Using CSS one can specify general layout of mathematical articles, perform automated numbering of equations, lists, headers, theorems, propositions, format tables, render mathematical expressions etc. In other words one can control formatting of articles in details. The main advantage of CSS comparing to XSL and DSSSL style languages is its simplicity. It is convenient and widely used. Historically CSS was mainly used to format web pages however as CSS support grows stronger, area of its applications starts to spread beyond webdesign and currently CSS slowly enters into desktop publishing. When it comes to scientific publishing, one nontrivial question emerges: can CSS render complex mathematical expressions? To answer it one has to specify what is CSS and what do we mean by complex expression. At the moment there are three levels (versions with growing capabilities) of CSS: CSS1, CSS2 and CSS3. CSS1 is the simplest style language that can be used to format simple web pages, it is supported by all major browsers, but its capabilities are very far from being sufficient for needs of scientific publishing. CSS2 (2.1) is general purpose style language with more powerful capabilities. It does not contain any mathematics oriented properties, but it turned out that its general, text oriented, visual formatting model is capable to render complex mathematical expressions obtained by combining and nesting subscripts, superscripts, prescripts, under and over scripts, fractions, operators, matrices, vectors, determinants, cases, fences and radicals. Unfortunately CSS2.1 is not fully supported by current browsers, however browser developers claim that they will implement it.

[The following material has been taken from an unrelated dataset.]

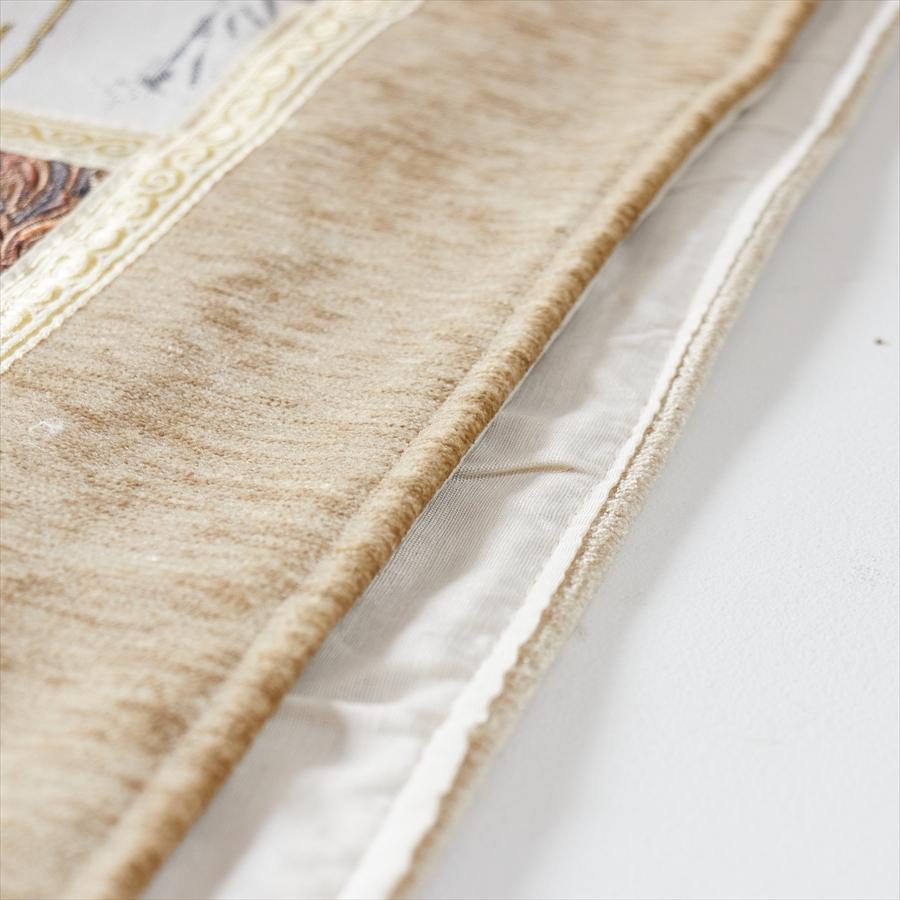 テーブルランナー　モザイクパッチワーク 200x50cmサイズ シュニール素材 |  | 05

CSS3 is the most powerful version of CSS that currently is under construction, it will contain several modules like math module, advanced layouts, generated content that will significantly boost markup processing and formatting capabilities of CSS and allow us to render even more complex mathematical expressions then we do today. But CSS3 is not the matter of near future (in spite of the fact that some of its parts like selectors and paged media are already supported by some rendering engines). So we will focus on CSS2.1 that is realistic style language expected to gain good browser side support in near future (for some unbounded values of 'near').